Now admittedly, these roads are covered with fairly smooth crushed stone, so the riding is not what I'd call technical. Still, with a bright covering of fall leaves, one needs to use some caution so as not to hit a stray rock, stick, root or hole. This afternoon, I pulled out my trusty Shawangunk Trail Companion to map out a route with easy access to my car that would give me a nice introduction to the terrain. I entered at the West Trapps trailhead, a favorite of climbers throughout the Northeast who come to enjoy the dramatic rock climbing along the ridge-line. This afternoon, I began by riding down the Undercliff Trail passing five or six groups of climbers on belay enjoying the cool afternoon.

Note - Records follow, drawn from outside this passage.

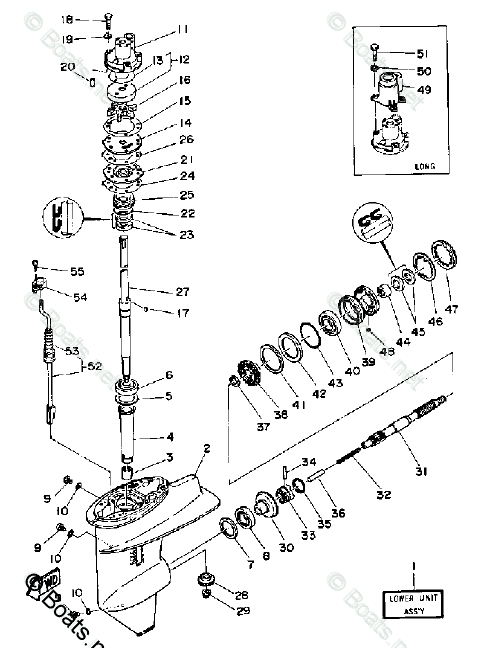Yamaha Outboard Parts by HP 30HP OEM Parts Diagram for Lower - Drive 1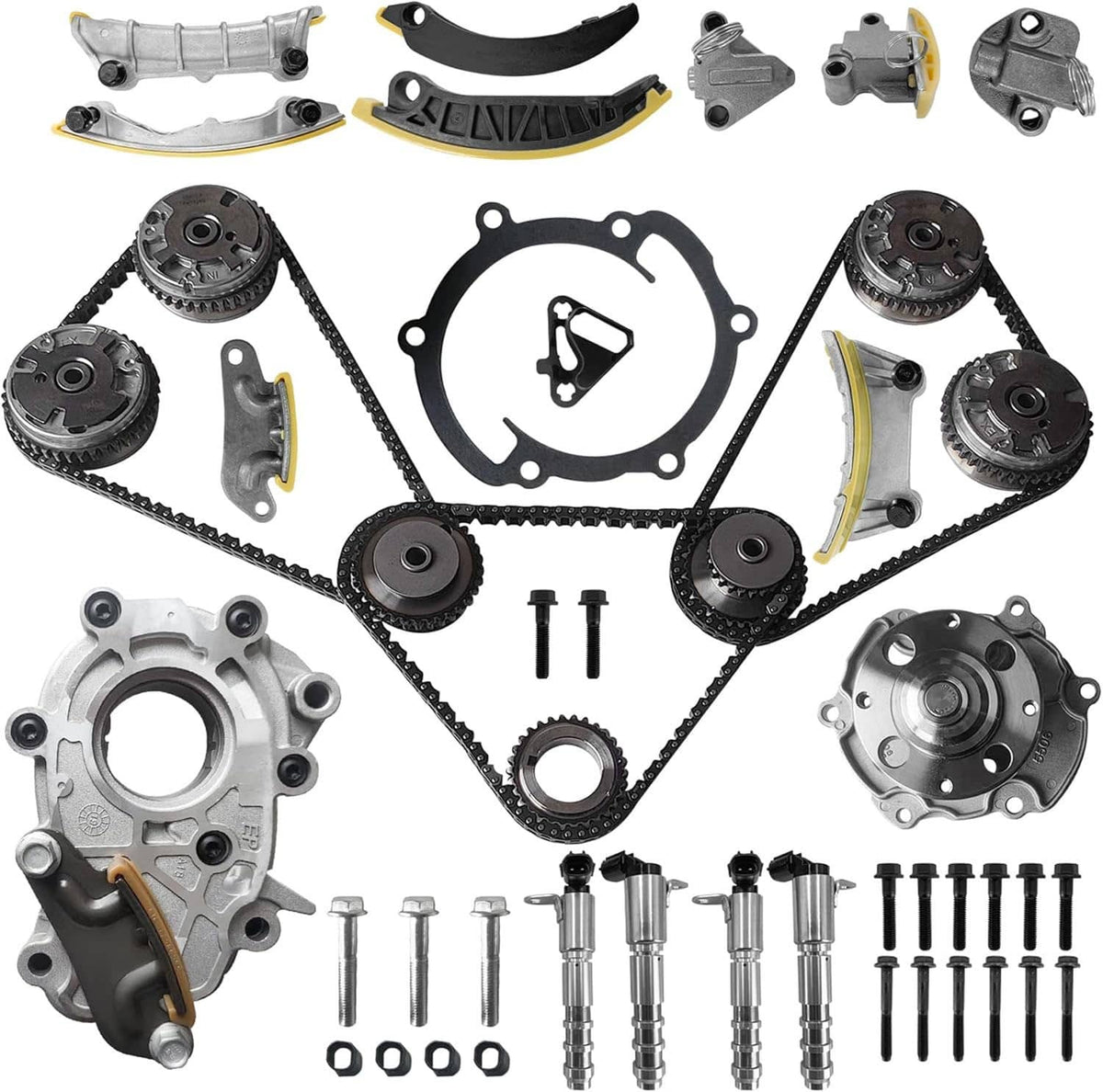 Timing chain kit parts set with metal sprockets, guides, water pump, bolts and gaskets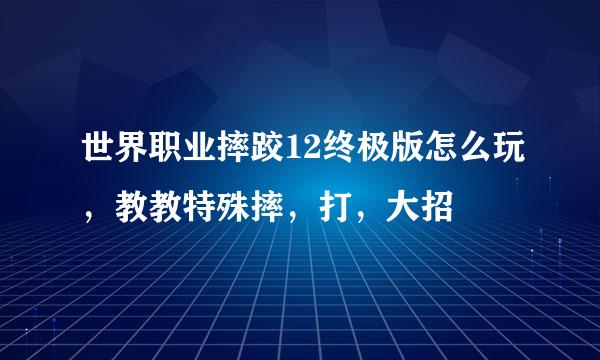 世界职业摔跤12终极版怎么玩，教教特殊摔，打，大招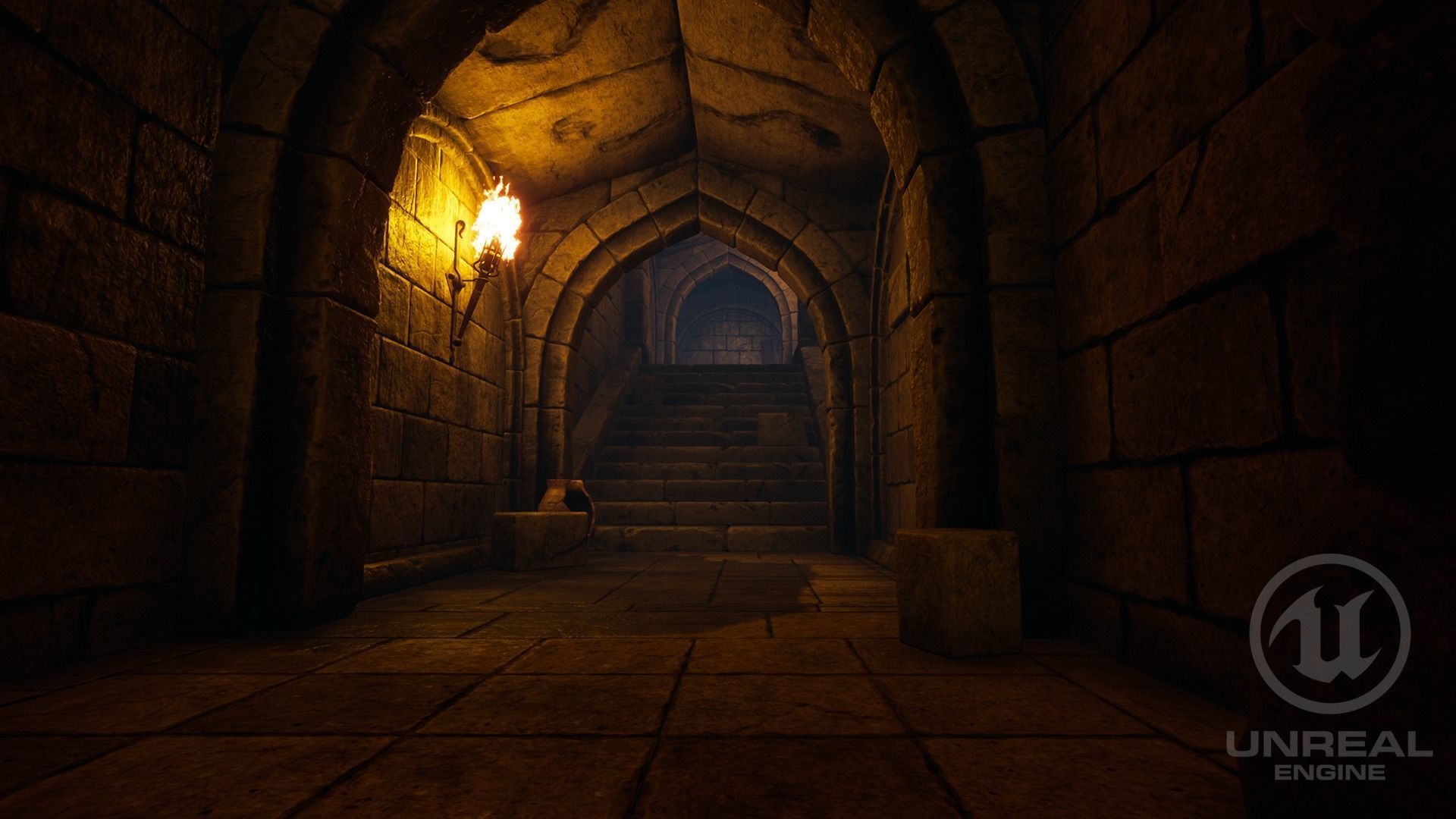 Dungeon hallway in video game Low-poly 3D model_10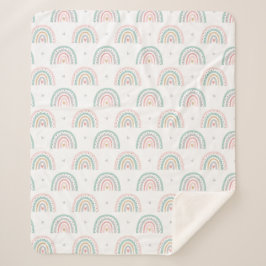Pastel Rainbow Pattern mit Herz Sherpadecke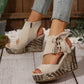 【EU 35-43】👡Damen-Sandalen mit offener Zehenpartie und Plateau-Keilabsatz und Quaste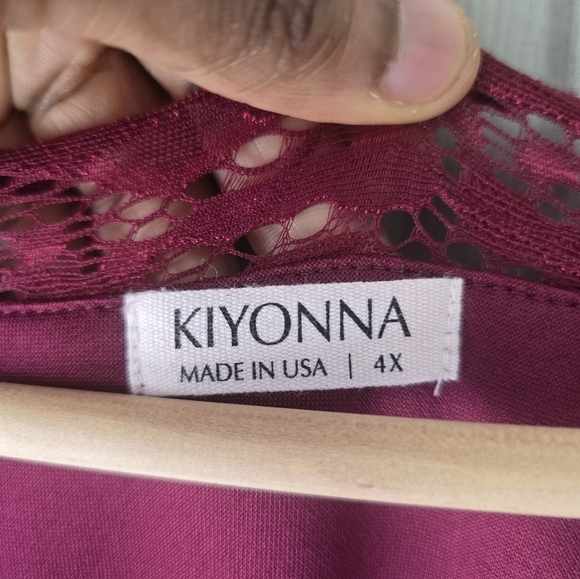 Kiyonna Women's Plus Pinot Noir Mademoiselle Lace Cocktail Dress Size 4X Red - Picture 12 of 15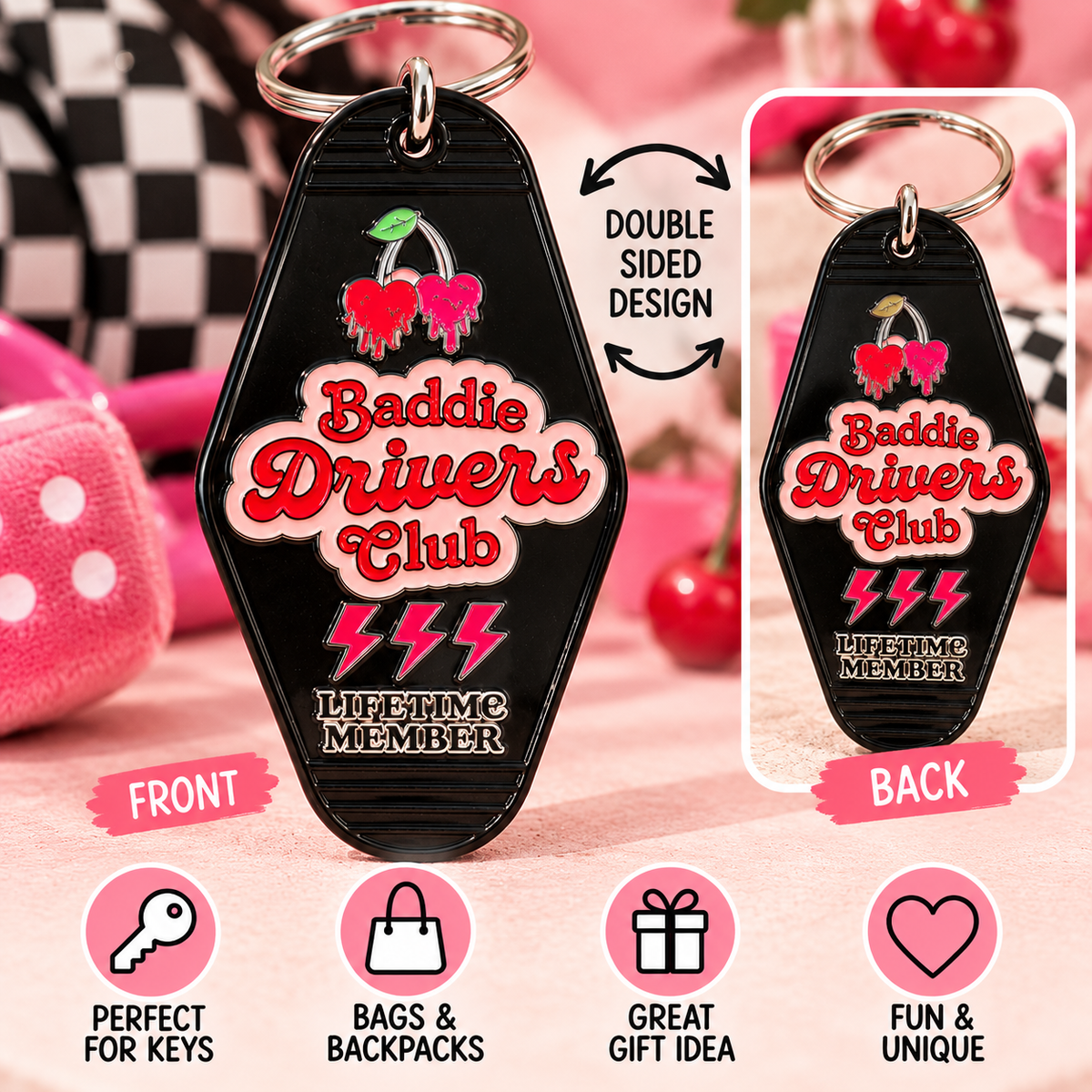 Baddie Drivers Club Motel Keychain | Funny Car Keychain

Upon reaching the end of the Undercliff Trail, I took a left to connect with the Overcliff Trail that climbs gradually and runs parallel to the trail I had just ridden to return to the West Trapps trailhead, but affords a view to the northwest of the full Catskill range in the distance. Once back where I began, I shot out towards neighboring Minnewaska State Park along the trail known as Trapps Road that brought me deeper into the peaceful afternoon forest. I wish there had been enough time to take in the loop out to Lake Awosting, but that will have to wait until another day.

In all, my afternoon was quite enjoyable, filled with peaceful, solitary riding without any cares or cars to consider. While I did not find the gradual slope of the carriage trails terribly challenging (it was hard to raise my heartbeat, in fact), the views and serenity more than made up for the loss. This will surely become a feature of my off-season and recovery riding in the future.